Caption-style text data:

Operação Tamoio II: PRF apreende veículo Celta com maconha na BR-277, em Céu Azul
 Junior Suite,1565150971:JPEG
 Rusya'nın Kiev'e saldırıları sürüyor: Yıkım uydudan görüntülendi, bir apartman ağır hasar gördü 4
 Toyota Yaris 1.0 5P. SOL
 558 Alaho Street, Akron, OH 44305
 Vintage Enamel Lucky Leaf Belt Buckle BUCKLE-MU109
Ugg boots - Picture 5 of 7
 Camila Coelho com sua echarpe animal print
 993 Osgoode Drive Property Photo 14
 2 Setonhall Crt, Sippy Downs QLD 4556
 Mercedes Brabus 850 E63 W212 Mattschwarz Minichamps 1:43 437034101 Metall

▶ **Problem**:
Both the first line of the records above and the line containing "Toyota Yaris 1.0 5P. SOL" are to be transcribed exactly, together with every line between them, and nothing else.

▶ **Reply**:
Operação Tamoio II: PRF apreende veículo Celta com maconha na BR-277, em Céu Azul
 Junior Suite,1565150971:JPEG
 Rusya'nın Kiev'e saldırıları sürüyor: Yıkım uydudan görüntülendi, bir apartman ağır hasar gördü 4
 Toyota Yaris 1.0 5P. SOL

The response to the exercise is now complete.